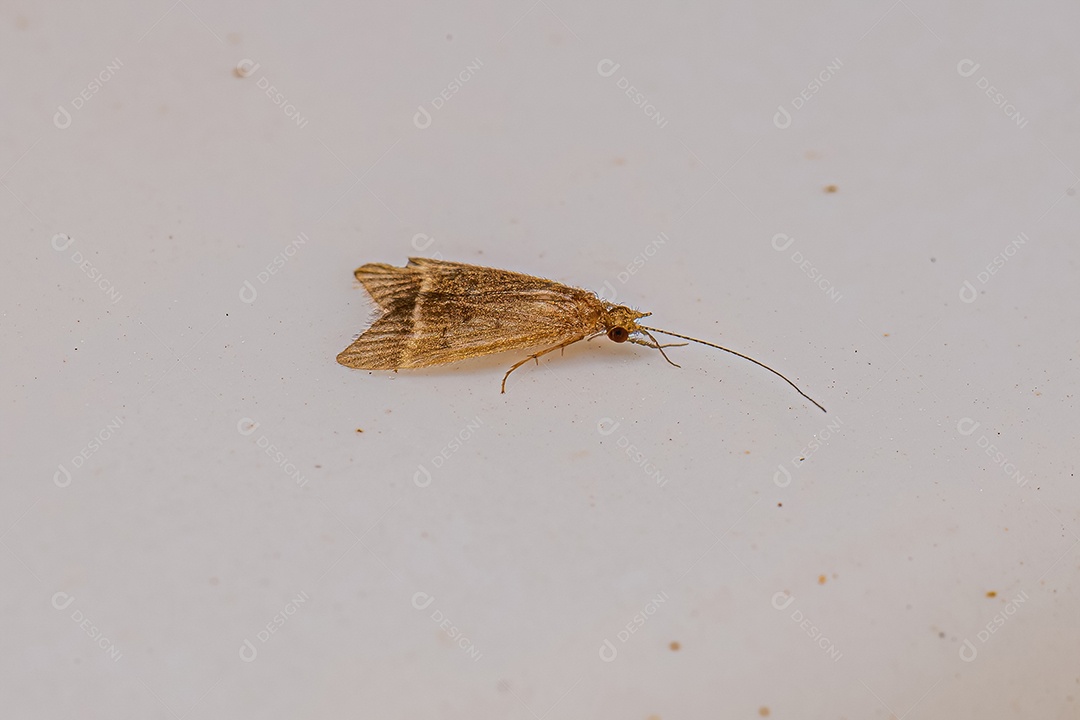Inseto Caddisfly Adulto da Ordem Trichoptera.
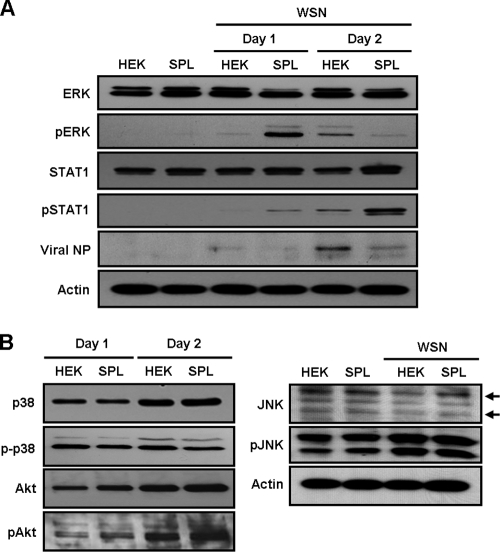 FIG. 5.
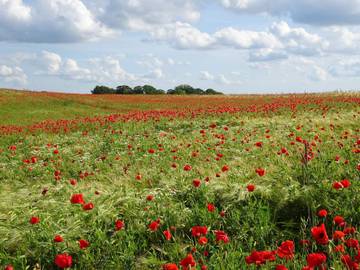 Ferienhaus für 6 Personen in Kongsmark Strand, Slagelse, Bild 3
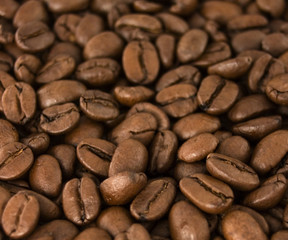 coffee beans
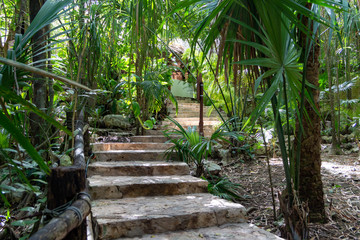 Tropical rainforest, jungle and a walkway leading to nowhere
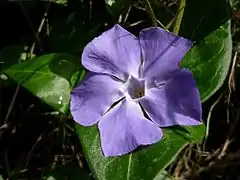 Vinca major, la grande pervenche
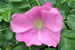 R. rugosa pink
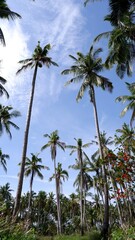 coconut trees on a sunny day 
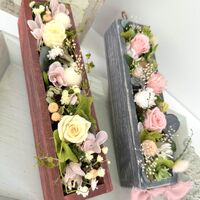 画像1720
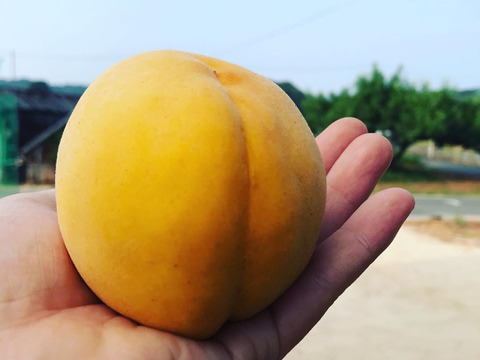 🍑🍑🍑🍑岡山の桃　ゴールデンピーチ【贈答用大玉3玉】【4箱セット】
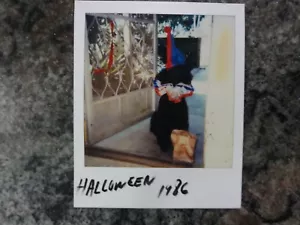 Polaroid Photo of Black Poodle On Halloween Trick or Treat Dressed as Clown - Picture 1 of 1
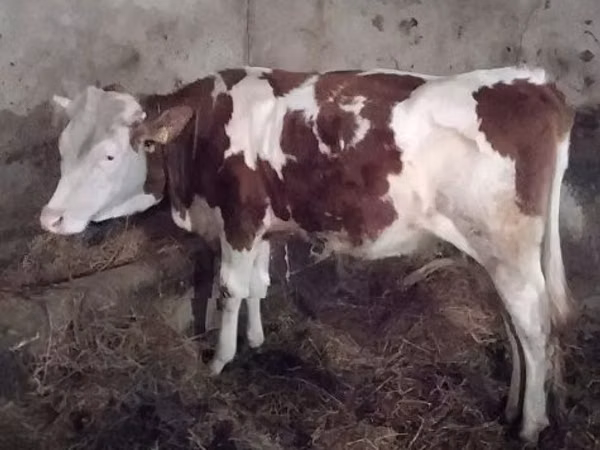 Гов, Simmental cattle — Маҷористон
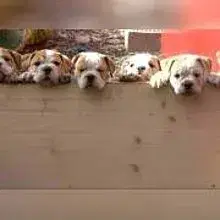 Pälzerbulls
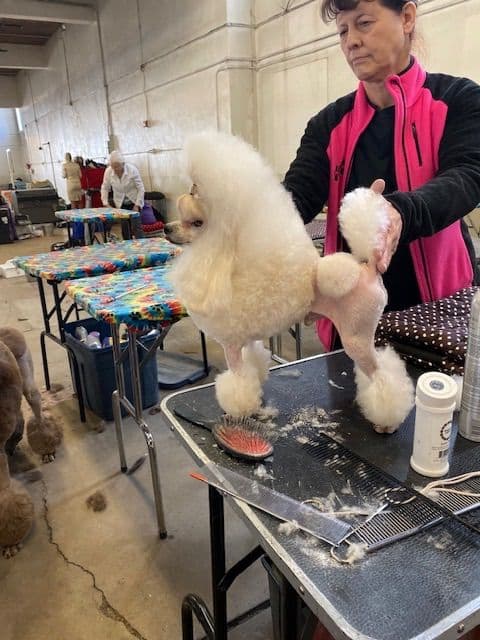 Toy poodle media 8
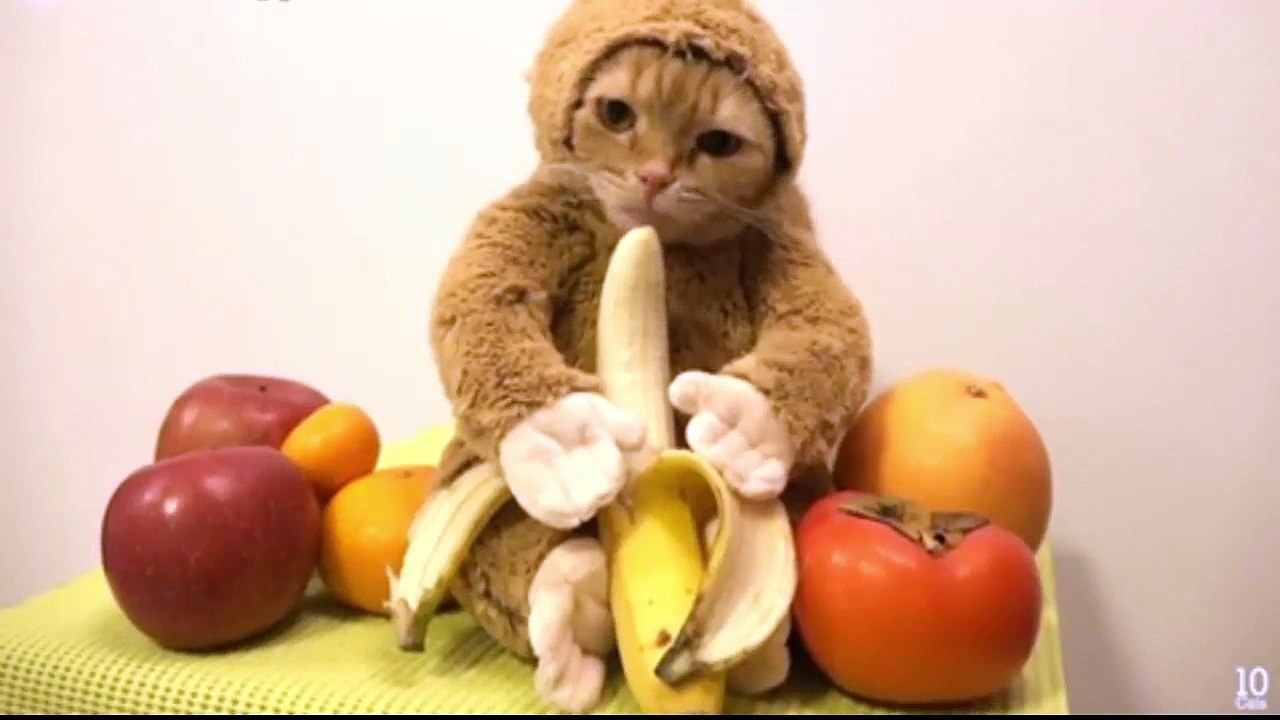 КотоОбезьянка - Просто Милашка)))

WHAT YOU WILL DO: Exclude all pictures and reproduce exactly the lines from the one containing "Polaroid Photo of" through the final line of the entries above.

RESULT FOR THIS TASK:
 Polaroid Photo of Black Poodle On Halloween Trick or Treat Dressed as Clown - Picture 1 of 1
 Гов, Simmental cattle — Маҷористон
 Pälzerbulls
 Toy poodle media 8
 КотоОбезьянка - Просто Милашка)))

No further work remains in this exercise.